Every entry, from the first line to the last, should be output exactly.

> _Brief descriptive captions_:
────────────────────
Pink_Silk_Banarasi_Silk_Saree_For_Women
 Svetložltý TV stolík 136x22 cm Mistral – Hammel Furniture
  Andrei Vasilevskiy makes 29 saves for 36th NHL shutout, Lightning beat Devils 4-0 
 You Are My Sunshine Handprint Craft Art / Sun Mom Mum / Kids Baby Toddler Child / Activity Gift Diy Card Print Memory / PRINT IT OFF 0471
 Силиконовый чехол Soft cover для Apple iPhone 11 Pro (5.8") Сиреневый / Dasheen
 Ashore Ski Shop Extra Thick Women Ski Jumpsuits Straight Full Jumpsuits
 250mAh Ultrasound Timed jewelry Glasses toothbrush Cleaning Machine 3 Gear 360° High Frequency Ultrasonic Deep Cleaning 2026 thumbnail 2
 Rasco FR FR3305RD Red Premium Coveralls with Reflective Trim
────────────────────
> _Answer for this exercise_:
Pink_Silk_Banarasi_Silk_Saree_For_Women
 Svetložltý TV stolík 136x22 cm Mistral – Hammel Furniture
  Andrei Vasilevskiy makes 29 saves for 36th NHL shutout, Lightning beat Devils 4-0 
 You Are My Sunshine Handprint Craft Art / Sun Mom Mum / Kids Baby Toddler Child / Activity Gift Diy Card Print Memory / PRINT IT OFF 0471
 Силиконовый чехол Soft cover для Apple iPhone 11 Pro (5.8") Сиреневый / Dasheen
 Ashore Ski Shop Extra Thick Women Ski Jumpsuits Straight Full Jumpsuits
 250mAh Ultrasound Timed jewelry Glasses toothbrush Cleaning Machine 3 Gear 360° High Frequency Ultrasonic Deep Cleaning 2026 thumbnail 2
 Rasco FR FR3305RD Red Premium Coveralls with Reflective Trim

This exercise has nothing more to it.